Беременность Насти стала причиной пересудов, но вскоре в деревне появились неожиданные гости

Деревня встретила ее без тепла, зато с таким вниманием, будто все это время только и ждала, когда она сойдет с автобуса. Любопытство здесь имело особый вкус — плотный, терпкий, без капли сочувствия. До отцовского дома от остановки было всего несколько сотен шагов, но за эти шаги Олеся успела услышать достаточно, чтобы понять: ее уже осудили, не спрашивая ни слова.

У калитки соседнего двора стояла Дарья Мироновна. Она не прятала взгляда, прошлась глазами по животу, по чемодану, по лицу Олеси и повернулась к кому-то за забором:

— Вот тебе и городская ученость. Говорили же — сиди дома, целее будешь.

Олеся не остановилась. Она опустила взгляд на дорогу и стала считать трещины в старом асфальте. Так было проще: одна трещина, вторая, третья. Если считать, не придется слышать.

Дом, где она выросла, стоял в конце улицы: крепкий, кирпичный, с низким крыльцом и палисадником, который мать каждую весну засаживала цветами. Олеся не посмотрела на клумбы. Ее взгляд был прикован к двери. Она нажала звонок.
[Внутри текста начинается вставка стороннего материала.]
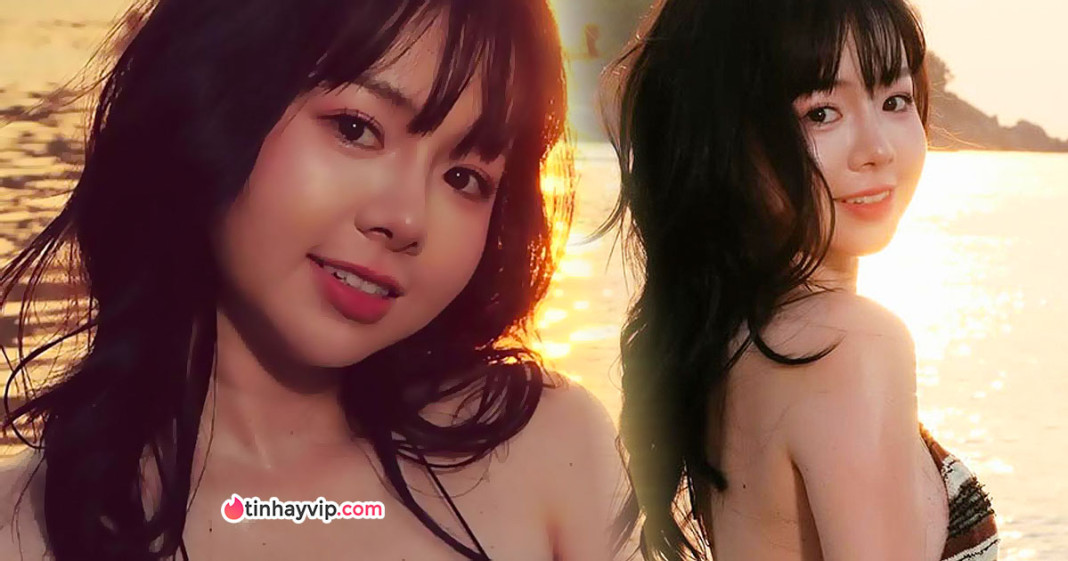 Giang Shana - Hot girl Instagram sở hữu vẻ đẹp kẹo ngọt cùng đường cong cuốn hút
Внутри было тихо, но она знала, что мать дома. Через щель у порога виднелись старые войлочные тапки Марии Степановны. Без них мать никуда не выходила. Олеся позвонила еще раз. Потом третий.

За дверью скрипнула половица — та самая, у кухни, которая всегда отзывалась жалобно, если наступить ближе к порогу. Кто-то стоял по другую сторону и не открывал.

— Мама, — сказала Олеся негромко. Не позвала даже, просто произнесла в дверь, как в глухую стену. — Мам, это я.

Тишина вытянулась. Потом снова скрипнула половица, уже дальше. Шаги ушли в глубь дома.

Олеся постояла на крыльце еще минуту. Чемодан оттягивал руку, живот тянул вниз, спина после дороги ныла так, будто по ней провели железной полосой. Она поставила чемодан на ступеньку и прислонилась лбом к двери. Краска у замка облупилась. Отец красил эту дверь несколько лет назад, а она тогда держала банку и болтала с ним о каких-то пустяках — кажется, о том, какие смешные имена люди дают котам. Теперь это воспоминание казалось не ее, а чужой, давно законченной жизнью.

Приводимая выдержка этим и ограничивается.